The data was analysed using inferential statistics (Williams et al., 2022). First, reliability and validity tests were conducted to assess the accuracy and reliability of the measurements obtained from the questionnaire. Second, both exploratory and confirmatory factor analyses were employed. Exploratory factor analysis helped identify underlying variables that explained the pattern of correlations within the data, while confirmatory factor analysis validated the appropriateness of the measurement model. By carrying out these analyses, the potential errors in data collection were minimised (Saunders, Lewis, & Thornhill, 2015; Creswell & Creswell, 2023).

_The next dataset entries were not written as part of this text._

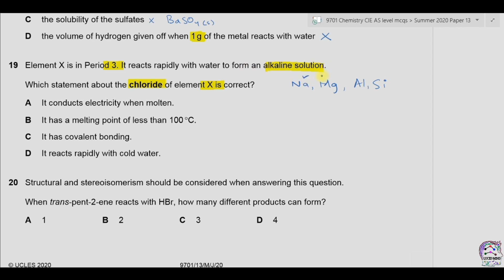Sodium reacts with water to form sodium hydroxide, and magnesium forms magnesium hydroxide. Aluminum and silicon do not react with water, so element X could be sodium or magnesium. Comparing the two, sodium reacts rapidly with water while magnesium reacts slowly. So element X is sodium, and we need to find which statement about NaCl is correct.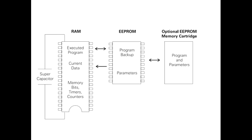Supercapacitor: A supercapacitor, so named because of its ability to maintain a charge for a long period of time, protects data stored in RAM in the event of a power loss. The RAM memory is typically backed up on the S7-221 and 222 for 50 hours, and on the S7-224 and 226 for 190 hours.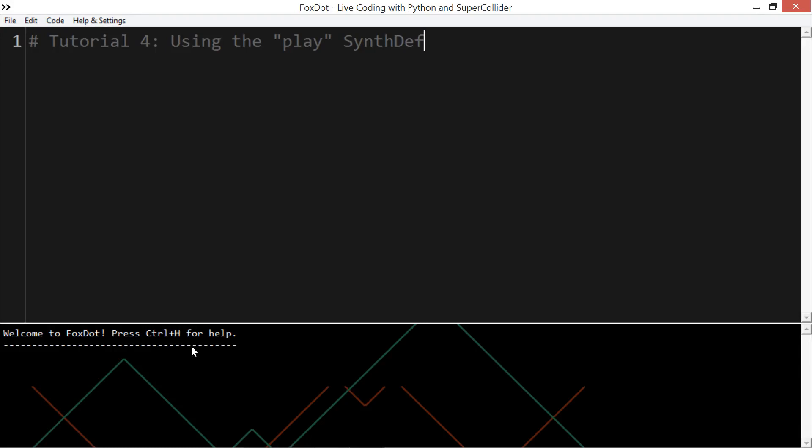Hello, and welcome to the fourth tutorial on using FoxDot, where we'll be looking at how to use the play synth def. I should probably have started off looking at the other synth defs, but I think this one is a bit more fun, so I decided to do it first.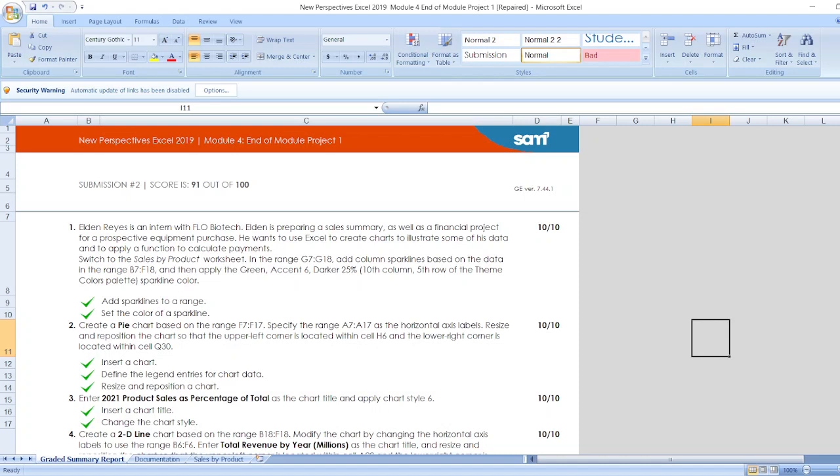Here the project is New Perspective Excel 2019 Module 4 End of Module Project 1. Here are our steps.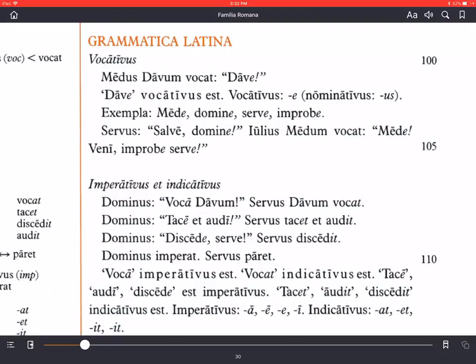Veni, improbe serve — come, you wicked or bad slave. Notice he doesn't say improbus servus, which would be 'bad slave' as the subject of the sentence. He says improbe serve, because he's talking to him.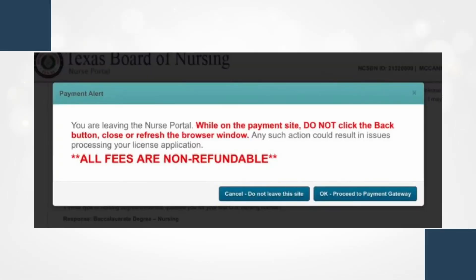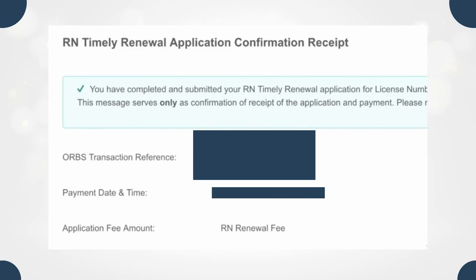After that it's going to take you to the payment method — you just type in your credit card right there. Once you're done, it's going to show this page right here saying that you've completed and submitted. And that's it! Thank you guys for watching, don't forget to like and subscribe, and see you in the next one — cheers!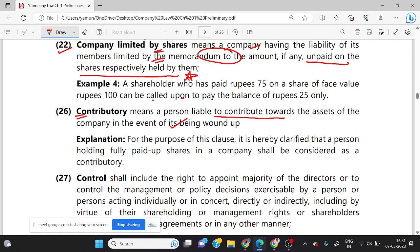In this concept, the company can have share capital or without share capital. For a company without share capital, we can split the shares and contribute. So there is a share certificate concept. In this case, the person's contribution alone counts.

Finally, the proposed hypotheses were tested using regression analysis. This analysis allowed the examination of the relationship between the variables under investigation and determined whether the formulated hypotheses were accepted or rejected (Creswell & Creswell, 2023).

5. Results

The impact of e-service quality on customer trust and satisfaction with an online shopping service is driven by complicated underlying factors. There exists a need to attain a comprehensive and authoritative analysis of the constructs identified and integrated into the proposed conceptual framework (Section 3, Figure 1). The results obtained from the survey will thus pertain to the associations, influence, and impact of change of one construct relative to the other. The following section discusses the results of the role of e-service quality and e-trust on the e-loyalty of a customer when e-satisfaction acts as a mediator.

5.1 Measurements

The questionnaire used in this study is provided in the Appendix. The questionnaire comprises twenty-one statements (three statements for each of the seven variables). A sample size of 250 participants yielded a dataset of 5,250 data points. Hays (2018) suggests that quantitative analyses increase their accuracy and precision with the increase in the number of data points included relative to the assessed constructs.

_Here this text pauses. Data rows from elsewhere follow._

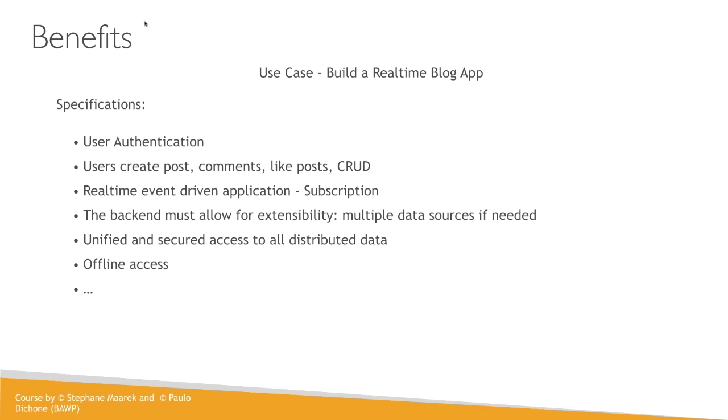The first one is the user has to be authenticated. So in order for the user to use this app, it has to be authenticated. And then users also will be able to post comments on those posts, like posts, and also do all of the CRUD operations. So create, read, update, and delete.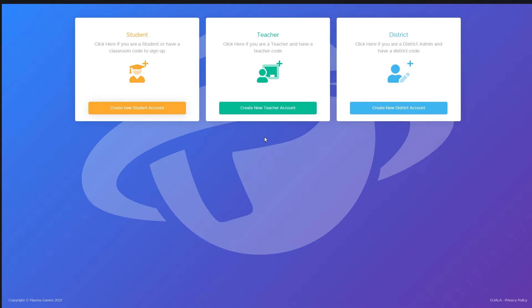This will bring you to the sign up landing page. Here, you'll select what type of account you want to create. For this tutorial, select teacher.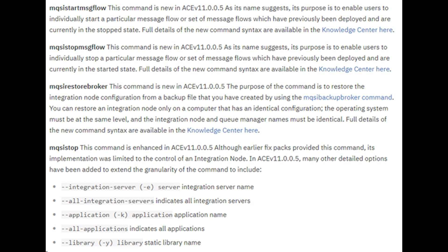mkseq Stop command is enhanced in ACE FixPack 5. Although earlier FixPack provided this command, its implementation was limited to control of an integration node. In ACE FixPack 5, many other options have been added to extend the control towards integration server and applications.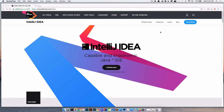Welcome back everyone, Dan Vega here with another tutorial. Today we are talking all about IntelliJ IDEA. If you follow me at all, you'll probably know this, but I'm a huge fan of IntelliJ. If you're doing any type of Java development, Spring Framework, Spring Boot, Groovy, Gradle — anything in that space — you should really take a look at IntelliJ.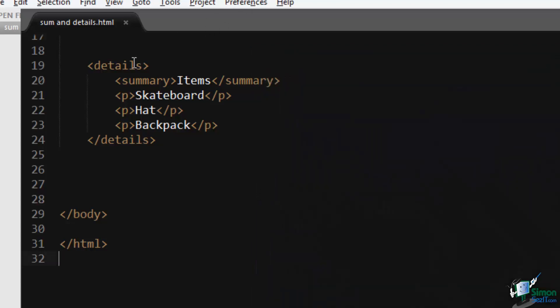If you would like it to default to a state of open, you can go to the details element and you can add an attribute of open.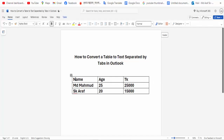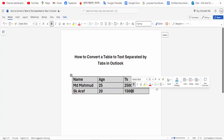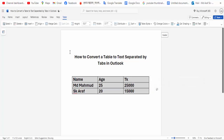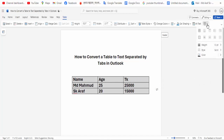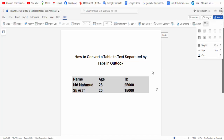Select your table — all the table text. Then go to the Table Border option and click on the No Border option. That's it.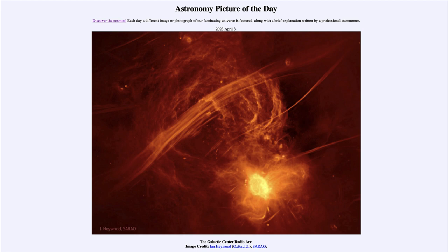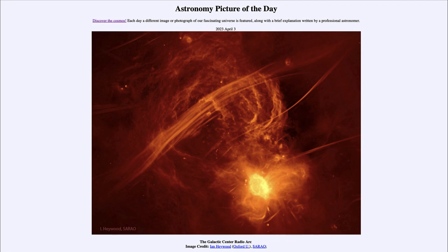Here we are looking using radio waves toward the center of our galaxy. This has to be done in radio waves simply because there is so much dust in the plane of our galaxy between us and the center that no visible light makes it through. If it did, the center of our galaxy would be an extremely bright object in the night sky — however, because of that dust, we do not even see it at all.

As discussed in the previous section, the quantitative analysis for the present research has been conducted via a multivariate analysis. This implies that multi-linear regression, correlation, and multilinear ANOVA (MANOVA) were performed using the SmartPLS software. These analytical tools offer a rapid, robust, and simple means of data analysis from which theory can be developed and tested (Stevens, 2012). The Partial Least Squares Structural Equation Modelling (PLS-SEM) has been applied to conduct the quantitative analysis as Hair (2018) suggested. Using the PLS-SEM improves data prediction precision, reliability and factor indeterminacy. A reliability and validity measurement were performed to ascertain the reliability of the dataset collected. Subsequently, the factor loadings, quality criteria, co-linearities and discriminant validities were determined. Ultimately, a hypothetical validation was performed to test the ‘trueness’ of the model.

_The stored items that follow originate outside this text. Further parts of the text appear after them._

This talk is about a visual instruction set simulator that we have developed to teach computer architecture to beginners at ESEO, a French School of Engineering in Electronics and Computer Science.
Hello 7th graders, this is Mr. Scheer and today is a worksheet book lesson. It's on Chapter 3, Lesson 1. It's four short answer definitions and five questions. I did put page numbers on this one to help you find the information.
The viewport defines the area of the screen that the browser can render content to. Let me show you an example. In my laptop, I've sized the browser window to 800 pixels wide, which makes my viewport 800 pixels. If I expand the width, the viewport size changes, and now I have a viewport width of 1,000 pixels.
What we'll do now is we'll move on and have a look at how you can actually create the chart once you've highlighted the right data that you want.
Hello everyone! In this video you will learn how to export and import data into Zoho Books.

5.2 Outer loadings (confirmatory fact analysis – CFA)

The confirmatory factor analysis (CFA) tests the measures of a construct’s consistency with other constructs within a proposed or theoretical model. Practically, the CFA estimates the covariance (or correlation) between various items (group variables) in relation to a single common factor. The CFA pre-determines the factor structure or ‘loads’ the covariance, correlation, and test statistics. The CFA then performs a hypothetical validation to ascertain the trueness of the impact of a unit change in the factor against all items in the model (Hair et al., 2019b). The CFA is typically given by outer loadings, which are presented in Figure 2 and summarised in Table 1 below.

By utilising CFA, we were able to review the reliability of the questionnaire by analysing our questions separately (Hair et al., 2019b). This helps in evaluating each question and checking how reliable the responses of the respondents are. The value of outer loading should be > 0.7, which indicates that the responders read the questionnaire thoroughly before responding. All the variables from outer loading are greater than 0.7, which suggests that the questionnaire is reliable with valid responses. The satisfactory outer loadings (0.72–0.89) between the construct variables imply a strong significance of the association between the constructs and the other items in the model. This means that the covariance and correlations between the constructs provide strong positive associations with appreciable significance. This validates the questionnaire of the research with reliable responses. In this research, the independent variable is e-service quality and e-trust, with the mediator that is e-satisfaction and the dependent variable that is e-loyalty.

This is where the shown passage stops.